## Task description
A word-for-word copy of the data is what's wanted; pictures stay out of it.

(Saved data entries)
——————————
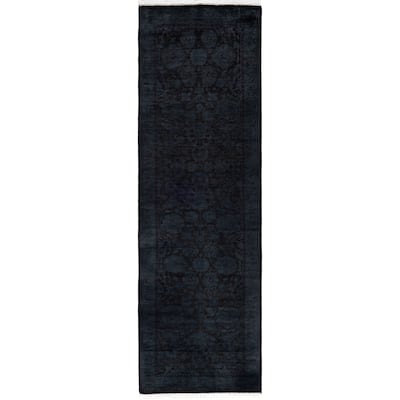 Overdyed One-of-a-Kind Hand-Knotted Area Rug - Gray - 2' 7" x 8' 4"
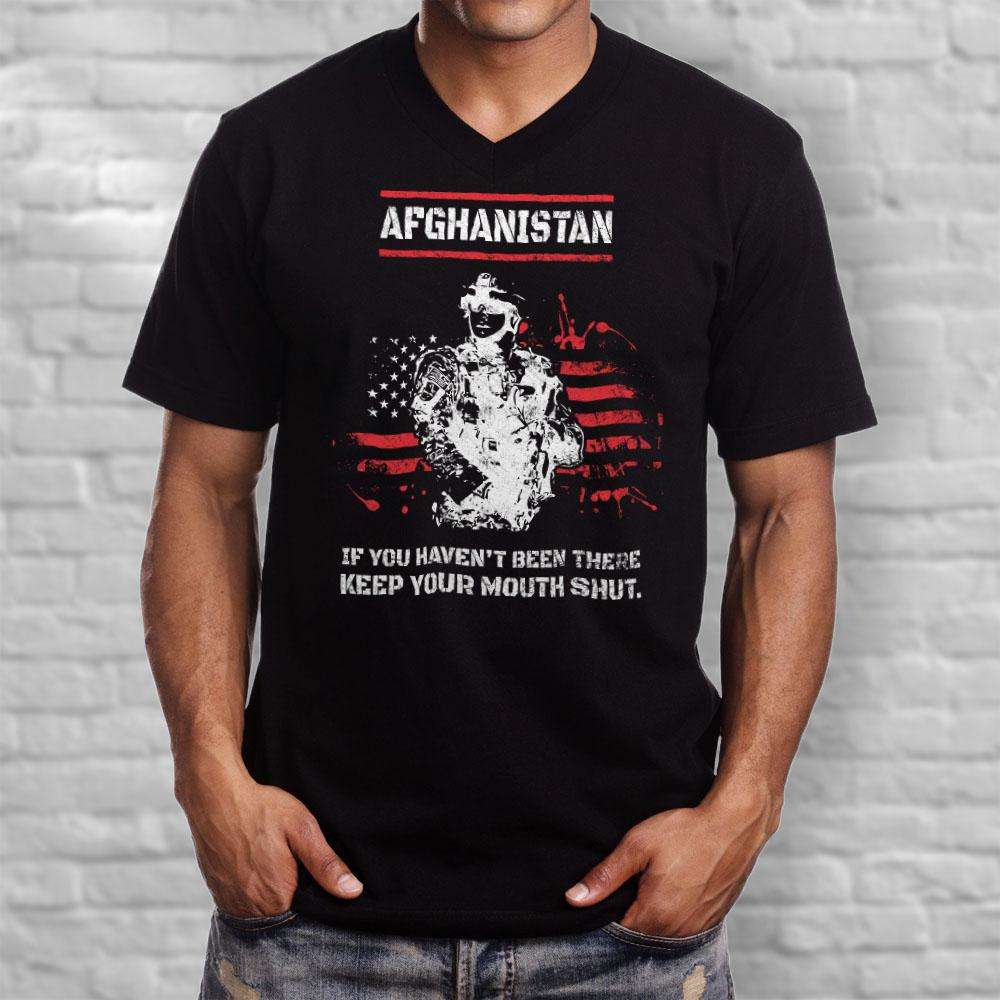 Designs by MyUtopia Shout Out:Afghanistan Veteran Men's Printed V-Neck T-Shirt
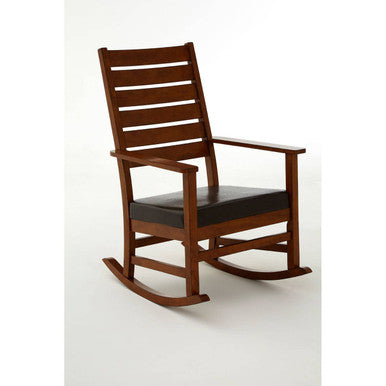 Relax Brown Leather Effect Rocking Chair - PN Home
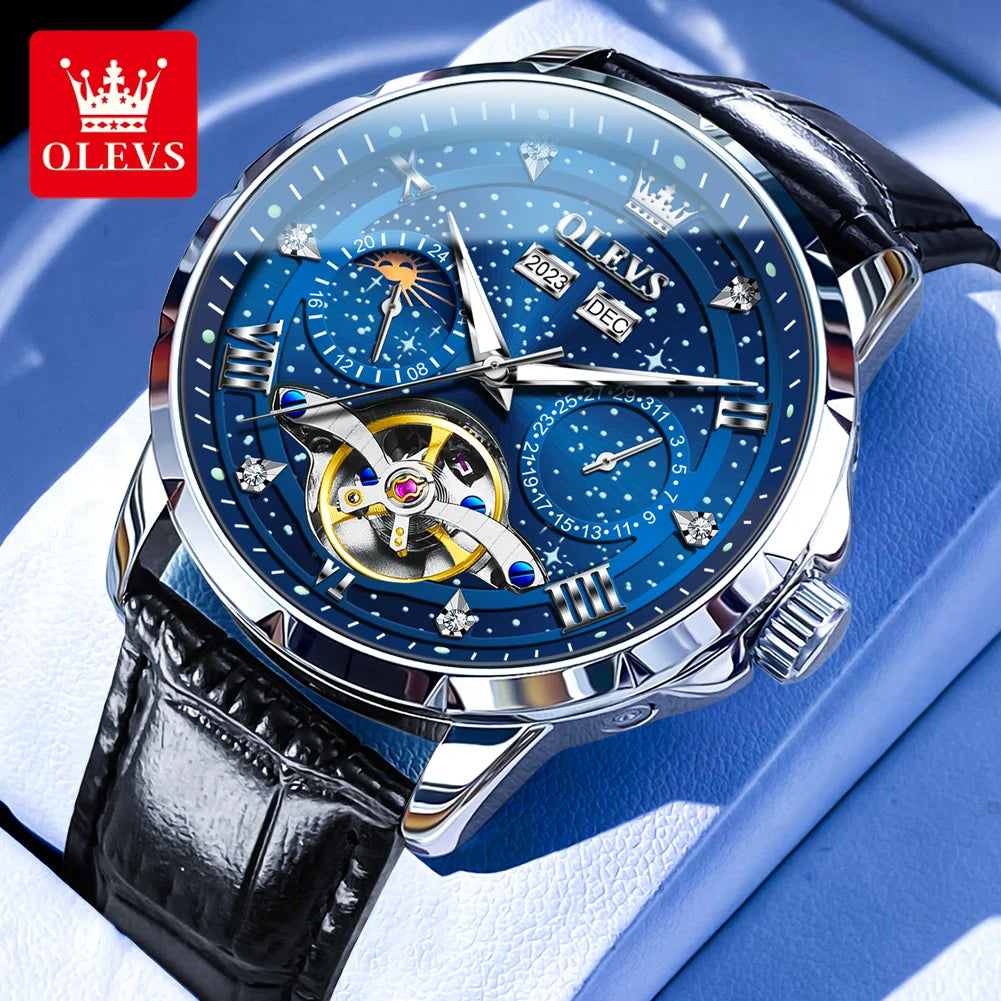 OLEVS Original Marke herren Uhren Mond Phase Starry DiskWasserdichte Multifunktionale Leuchtende Voll Automatische Mechanische Uhr ﻿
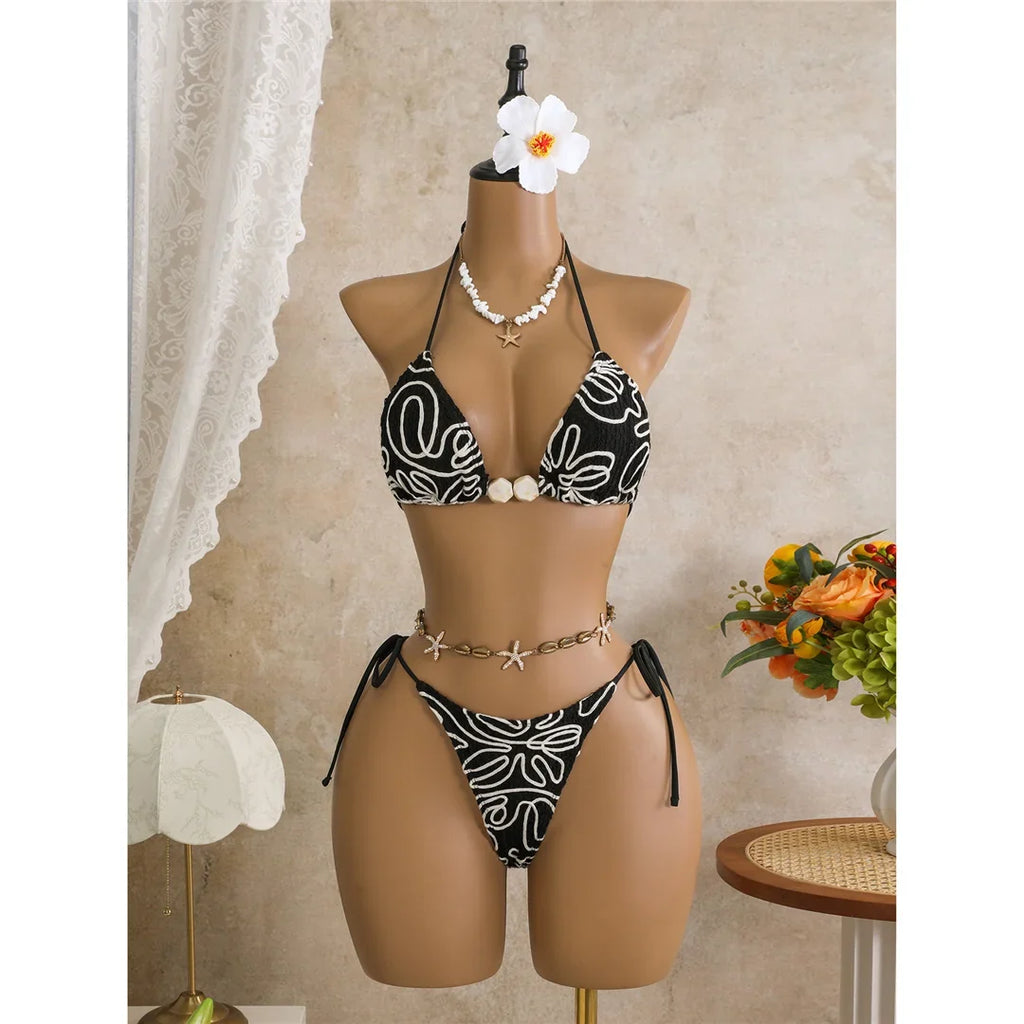 With Sarong Halter Printed Bikini Women Swimwear Female Swimsuit Padded Bather Bathing Suit Swim Three-pieces Bikini set K8073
——————————
## Your response
 Overdyed One-of-a-Kind Hand-Knotted Area Rug - Gray - 2' 7" x 8' 4"
 Designs by MyUtopia Shout Out:Afghanistan Veteran Men's Printed V-Neck T-Shirt
 Relax Brown Leather Effect Rocking Chair - PN Home
 OLEVS Original Marke herren Uhren Mond Phase Starry DiskWasserdichte Multifunktionale Leuchtende Voll Automatische Mechanische Uhr ﻿
 With Sarong Halter Printed Bikini Women Swimwear Female Swimsuit Padded Bather Bathing Suit Swim Three-pieces Bikini set K8073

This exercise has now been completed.